Education is a constitutional right, a basic human right, a strategic priority and the best possible vehicle to empower South Africans and to develop our country.

In the global knowledge economy success depends on quality education. Those with a quality education can fulfil their potential. Those without it are destined to remain excluded from opportunities and dependent on the state to survive.

This policy details our offer on education for jobs.

Quality education is the key to improved quality of life. It empowers individuals to obtain a fulfilling job, contribute to the economy and utilise their talents to the full.

Education is already an important national priority. In the 2012-2013 financial year we spent R218 billion, approximately one-fifth (19.6%) of our national budget, on education.

The return on investment on the other hand has been unsatisfactory. While we have improved access to education, with the number of learners writing matric increasing from 109 807 in 1980 to 511 152 full time candidates in 2012, we have not improved the quality of outcomes.

International assessments highlight the problems in our education system. The 2012 Trends in International Mathematics and Science Study (TIMSS) report ranks South Africa third last of the 63 countries and 14 participating benchmark countries for mathematics. The 2012 Progress in International Reading Literacy Study (PIRLS) placed South Africa fourth last of the 49 countries and 9 benchmark countries for literacy.

Increasing pass rates for the National Senior Certificate (NSC) belie the true state of affairs in our education system. Of the 1 130 659 learners who registered for Grade 1 in 2001, 619 507 dropped out of the school system. Based on these figures, the “real” pass rate for 2012 was not the 73.9% proudly proclaimed by the ANC government, but a troubling 37.5%.

In 2012, 26.6% of candidates achieved bachelor passes; the real bachelor pass rate was a meagre 9.97%. This means that only 1 in 10 students who began schooling in 2001 had the option to go to university.
A growing lack of faith in the public education system is indicated by an almost tripling of the number of registered independent schools from 565 in 1995 to 1 571 in 2012.

It is clear that many schools in South Africa are not able to offer learners the opportunity to fulfil their ambitions.

South Africa’s ability to promote inclusive growth depends on producing successive generations of well-educated young people contributing to socio-economic development. A South African society with a large, well-educated population will overcome more easily the many obstacles to social and economic equality experienced by the majority of households. (Financial and Fiscal Commission, 20121)

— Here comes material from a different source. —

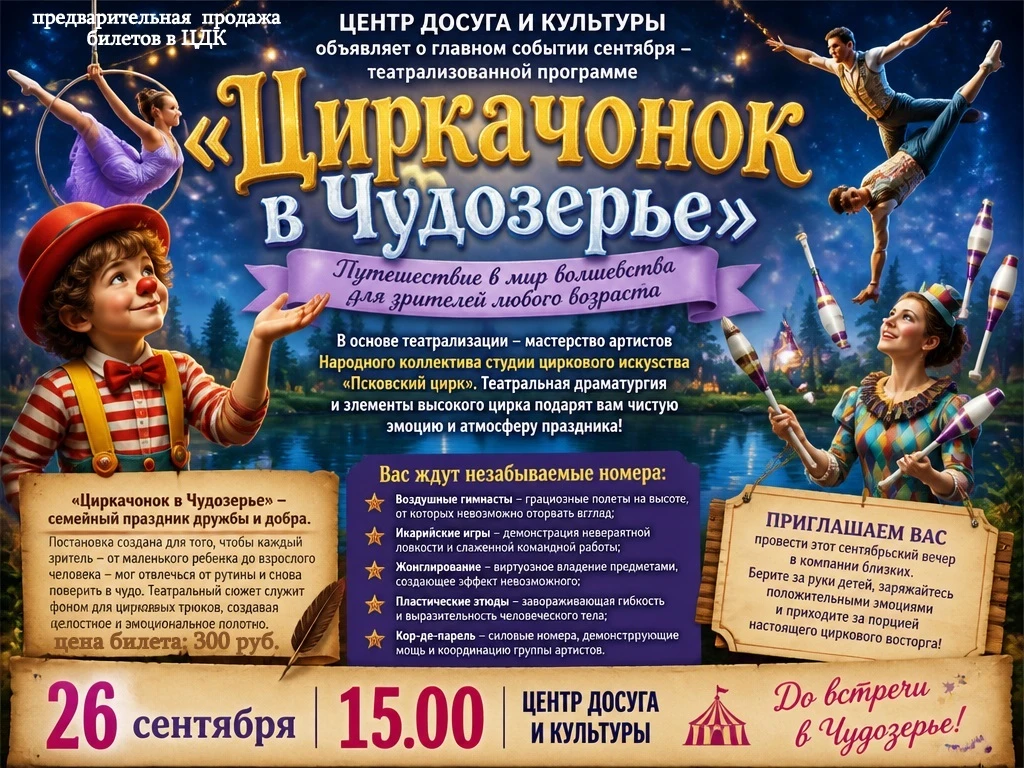 Хотите провести завтрашний день ярко и необычно? 😍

While spending money on education is important, it is not enough. It is what is taught, how it is taught and how the system is managed that matter.

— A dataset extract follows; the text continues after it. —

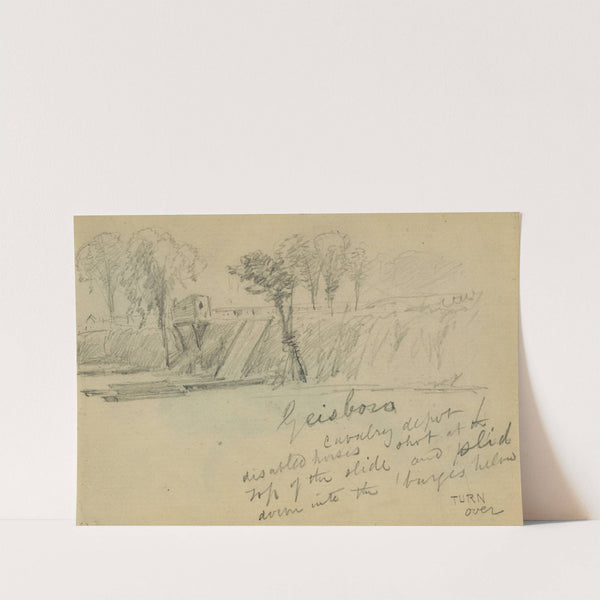 Geisboro, cavalry depot by Alfred Rudolph Waud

The DA’s education policy is focused on instilling quality, accountability and strong leadership into the system. In national government we will have a sustained, focused and systematic approach to improving education. Educational budgets, policies and operational decisions will consistently be subjected to the simple litmus test of whether each will improve the educational value in South African classrooms.

We believe that only quality education will allow us to deliver on our vision of opportunities for all. A national DA government will work with provincial education departments, seeking to ensure:

  • That every child has an opportunity to learn in a safe, supportive environment.
  • That our children emerge from school having mastered the fundamentals of literacy and numeracy at internationally benchmarked levels, with their education having emphasised information literacy to prepare them for the modern economy.
  • That our children are nurtured to become well-rounded citizens who have the discipline, work-ethic and courage to use their skills and talent to pursue their dreams.
  • That our youth are inspired to contribute to the success of our country, to reach out to fellow South Africans as nation builders, to grow the economy through entrepreneurship and to tackle our social challenges.

The state, in constructive partnership with private enterprise, civil society, teachers and parents, must provide the opportunities for all to fulfil their potential. To improve education outcomes, our focus will be on:

  • establishing an enabling regulatory environment for educational excellence;
  • improving school management and teacher quality;
  • promoting accountability through appropriate assessment of (i) academic performance and, (ii) adherence to the principles of good governance;
    rewarding good management, teacher and learner performance;
  • aligning education outcomes with the world of work by regularly reviewing the curriculum to ensure that it equips learners for participation in a competitive, global knowledge economy; and
  • creating a school environment that is conducive to learning.